* _TASK OBJECTIVE_
What needs reproducing is the run of lines in the data below starting at the line with "FENDI Zucchino Canvas" and ending at the line with "Karl Lagerfeld IML", both ends included. Copy it exactly, without pictures, and add nothing.

□ □ □ □

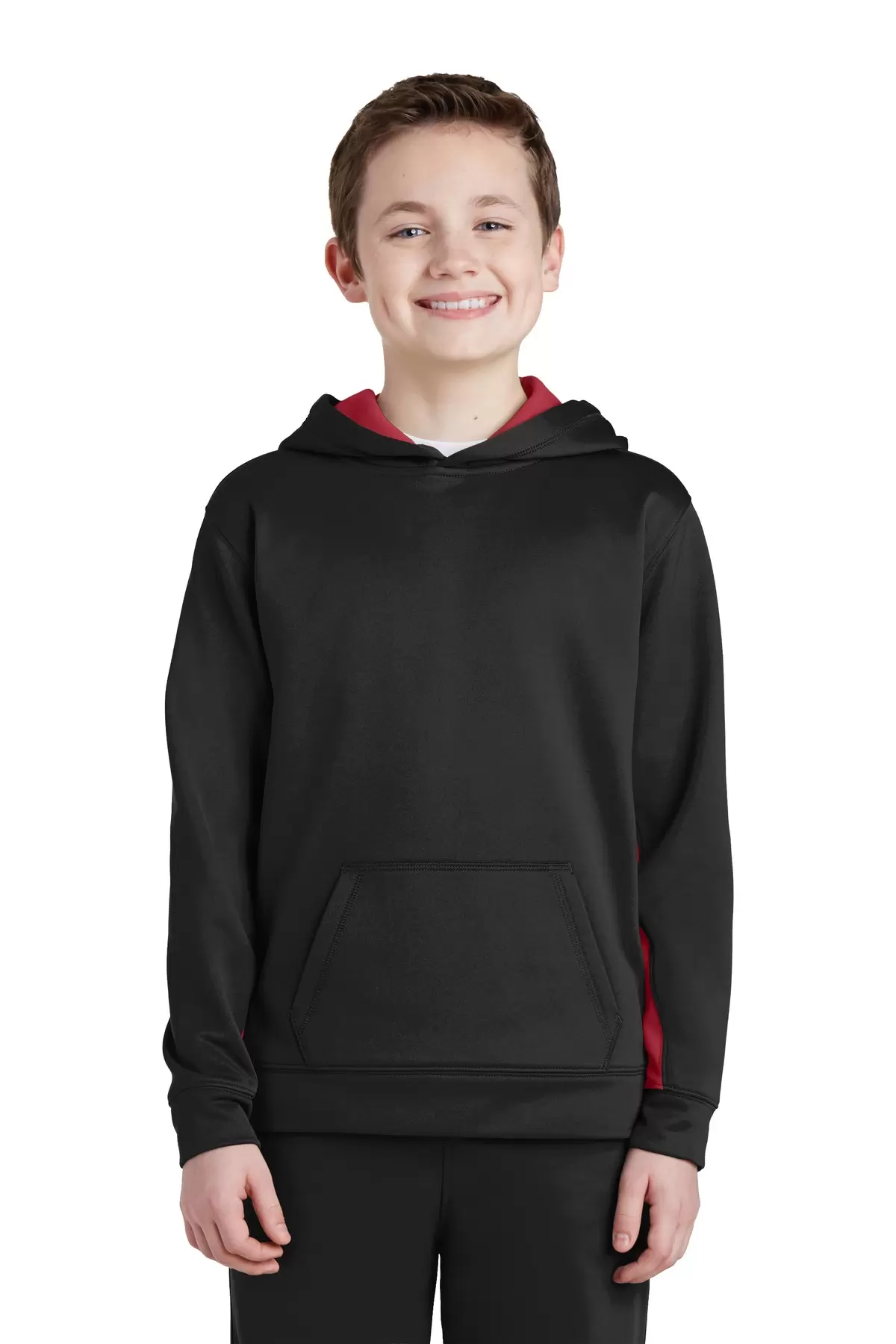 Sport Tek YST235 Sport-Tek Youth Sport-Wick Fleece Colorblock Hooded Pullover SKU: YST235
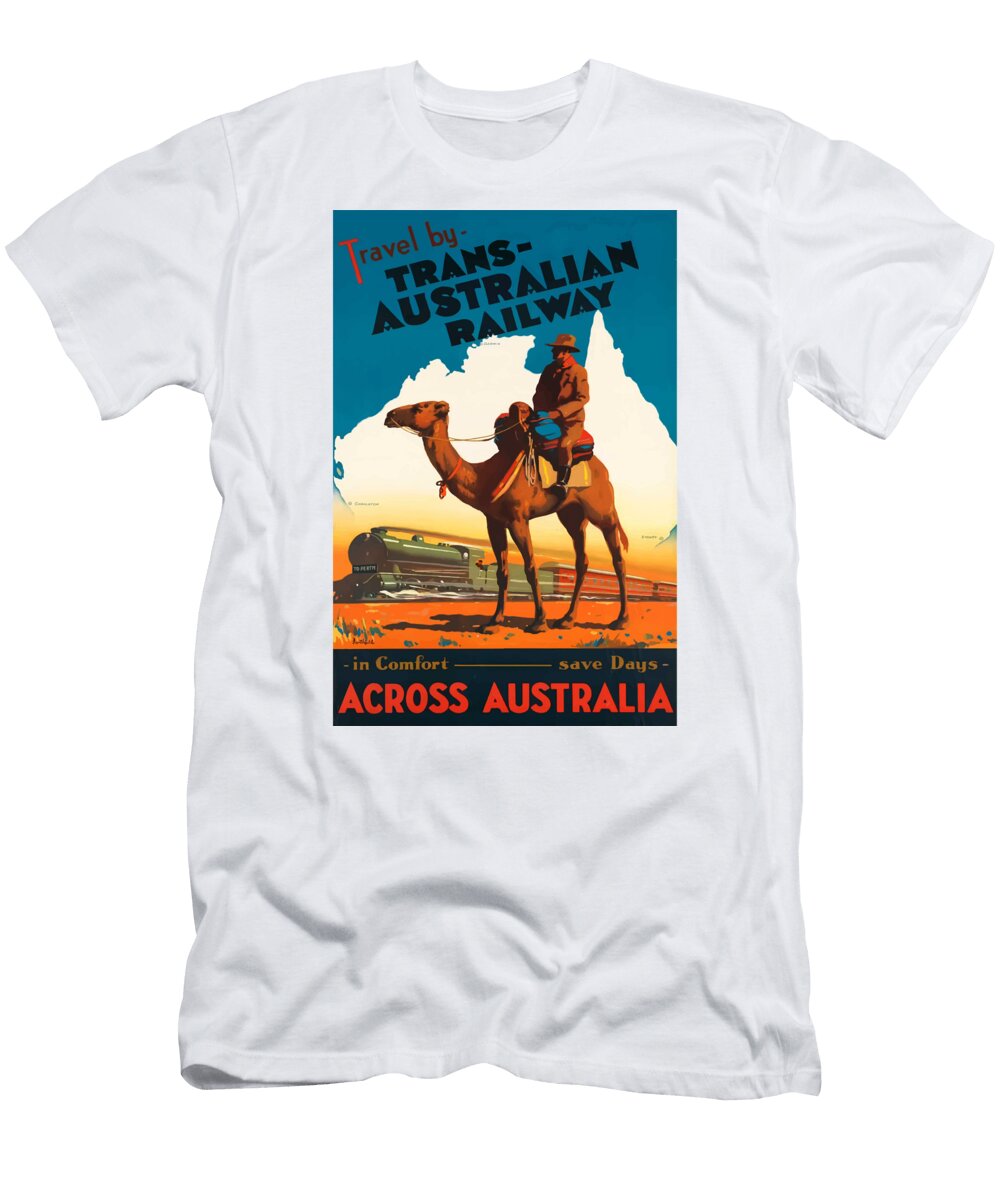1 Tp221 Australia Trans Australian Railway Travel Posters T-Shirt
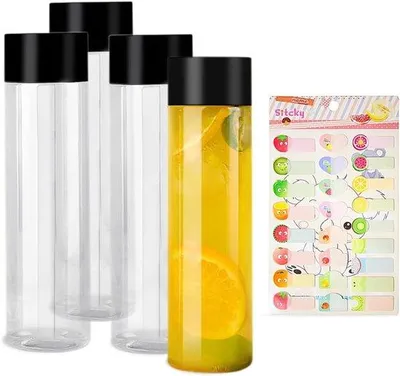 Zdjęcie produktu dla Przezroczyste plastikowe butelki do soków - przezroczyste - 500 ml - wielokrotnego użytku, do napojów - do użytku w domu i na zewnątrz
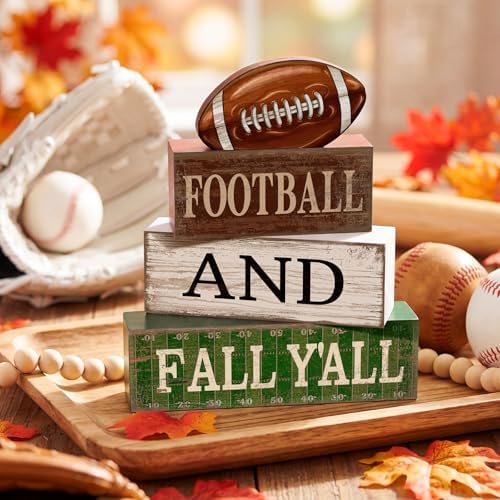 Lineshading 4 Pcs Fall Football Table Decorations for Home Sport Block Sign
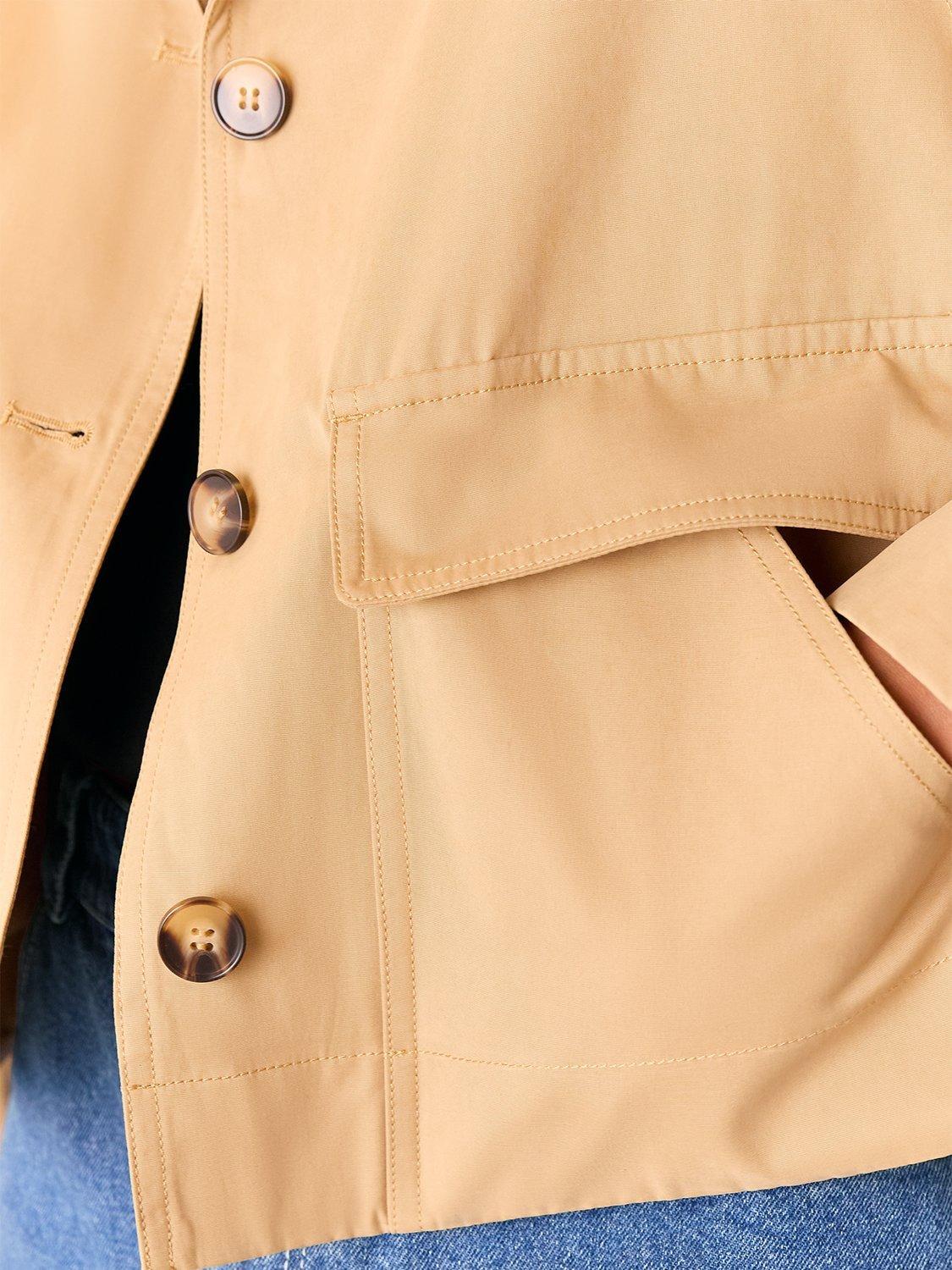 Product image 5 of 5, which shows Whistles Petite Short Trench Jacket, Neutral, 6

□ □ □ □

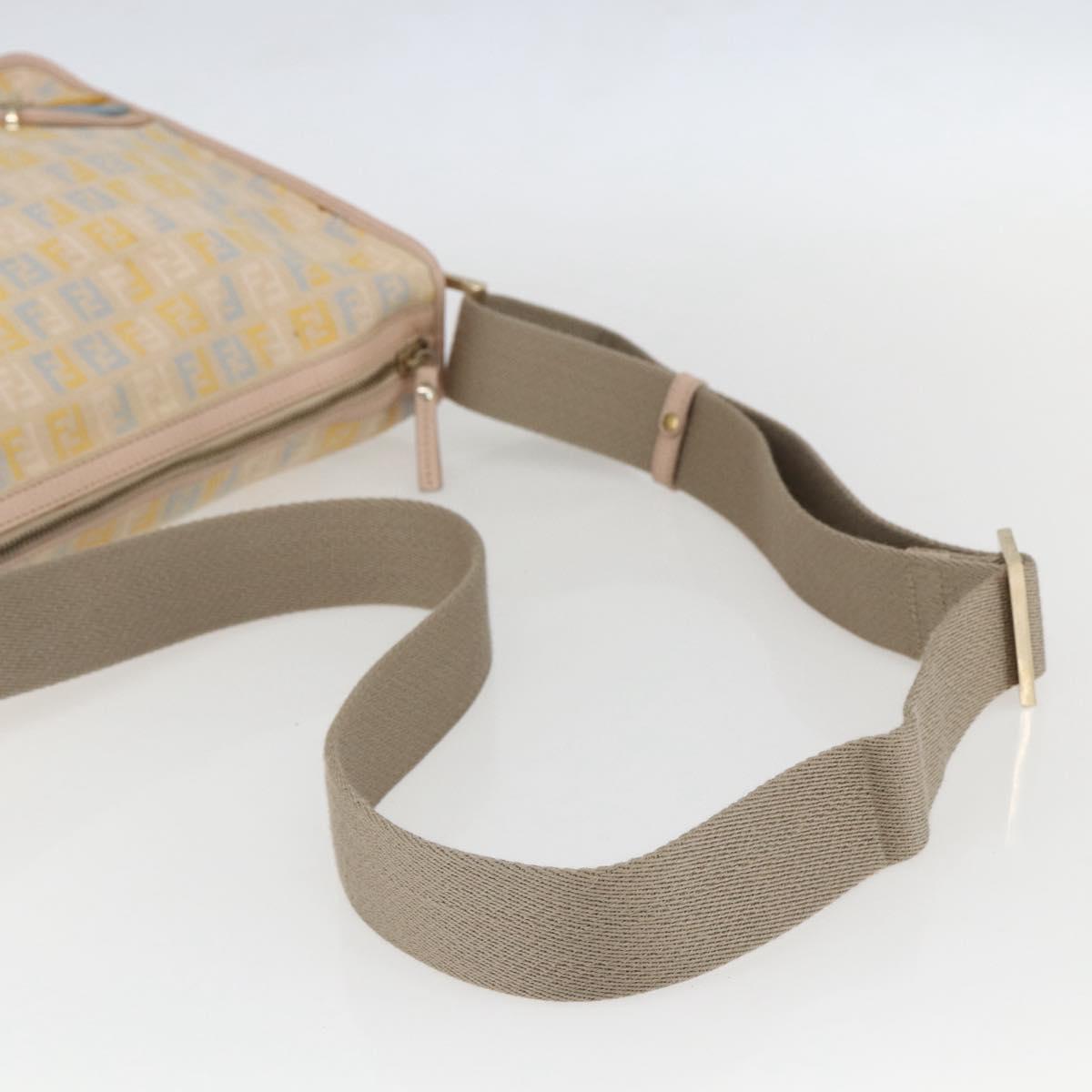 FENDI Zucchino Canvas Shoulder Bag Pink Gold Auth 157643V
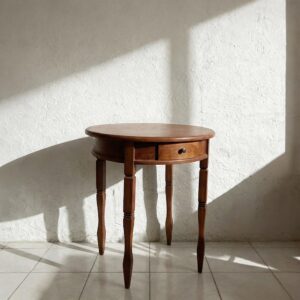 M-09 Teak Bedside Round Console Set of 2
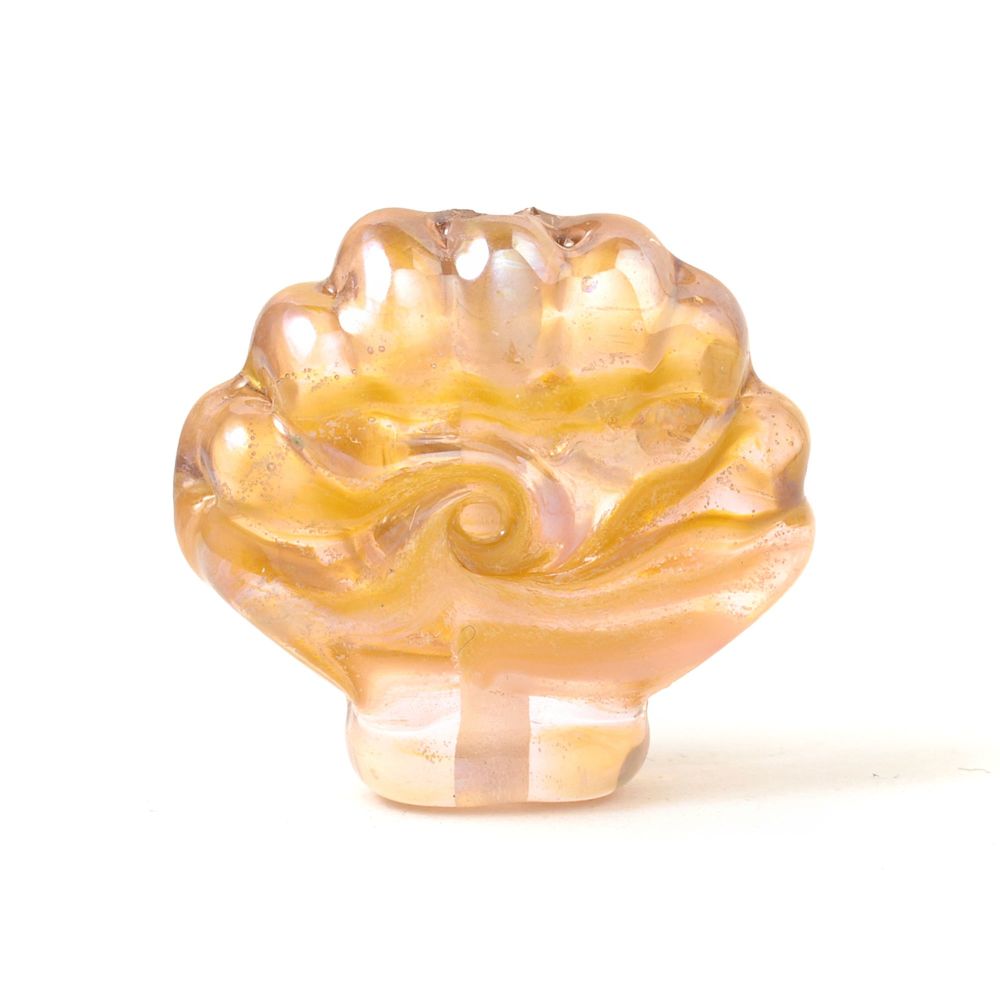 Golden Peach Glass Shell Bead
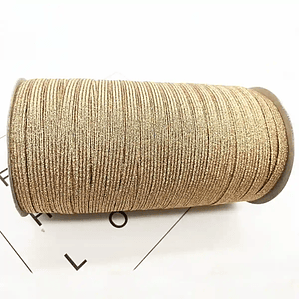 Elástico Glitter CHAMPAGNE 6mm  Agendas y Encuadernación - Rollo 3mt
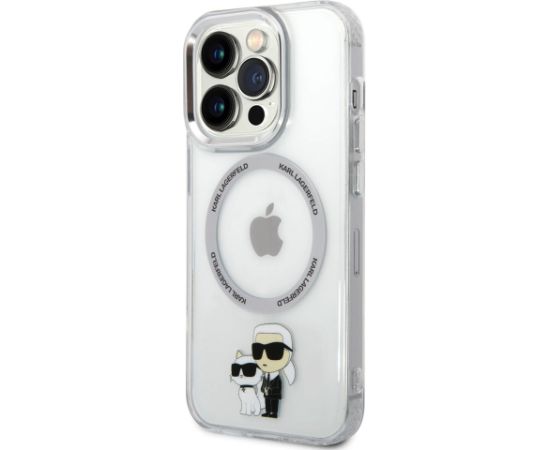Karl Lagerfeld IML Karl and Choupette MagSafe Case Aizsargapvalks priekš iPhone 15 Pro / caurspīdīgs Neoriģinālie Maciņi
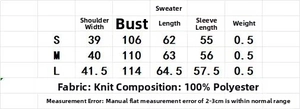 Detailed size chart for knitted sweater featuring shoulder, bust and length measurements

□ □ □ □

* _THE COMPLETED TASK_
 FENDI Zucchino Canvas Shoulder Bag Pink Gold Auth 157643V
 M-09 Teak Bedside Round Console Set of 2
 Golden Peach Glass Shell Bead
 Elástico Glitter CHAMPAGNE 6mm  Agendas y Encuadernación - Rollo 3mt
Karl Lagerfeld IML Karl and Choupette MagSafe Case Aizsargapvalks priekš iPhone 15 Pro / caurspīdīgs Neoriģinālie Maciņi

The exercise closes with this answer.